* _Scraped caption text data_
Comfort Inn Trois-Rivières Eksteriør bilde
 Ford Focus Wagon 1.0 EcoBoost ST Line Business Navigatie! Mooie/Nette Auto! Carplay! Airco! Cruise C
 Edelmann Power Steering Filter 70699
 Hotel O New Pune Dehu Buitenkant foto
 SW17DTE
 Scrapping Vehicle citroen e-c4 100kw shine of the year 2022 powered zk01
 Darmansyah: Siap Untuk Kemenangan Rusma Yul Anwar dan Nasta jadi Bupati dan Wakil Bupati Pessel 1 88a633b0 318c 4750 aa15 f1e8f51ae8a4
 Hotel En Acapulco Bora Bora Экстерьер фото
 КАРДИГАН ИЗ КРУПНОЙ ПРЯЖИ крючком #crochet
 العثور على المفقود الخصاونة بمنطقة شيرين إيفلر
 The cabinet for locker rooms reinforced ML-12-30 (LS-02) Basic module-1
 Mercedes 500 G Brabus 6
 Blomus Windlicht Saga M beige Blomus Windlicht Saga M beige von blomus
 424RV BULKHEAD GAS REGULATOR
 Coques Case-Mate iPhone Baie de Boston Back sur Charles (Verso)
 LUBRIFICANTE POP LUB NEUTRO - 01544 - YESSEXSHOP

* _What to work on_
Filter by the word "Hotel": copy every line of the data that holds it.

* _Solution to this problem_
 Hotel O New Pune Dehu Buitenkant foto
 Hotel En Acapulco Bora Bora Экстерьер фото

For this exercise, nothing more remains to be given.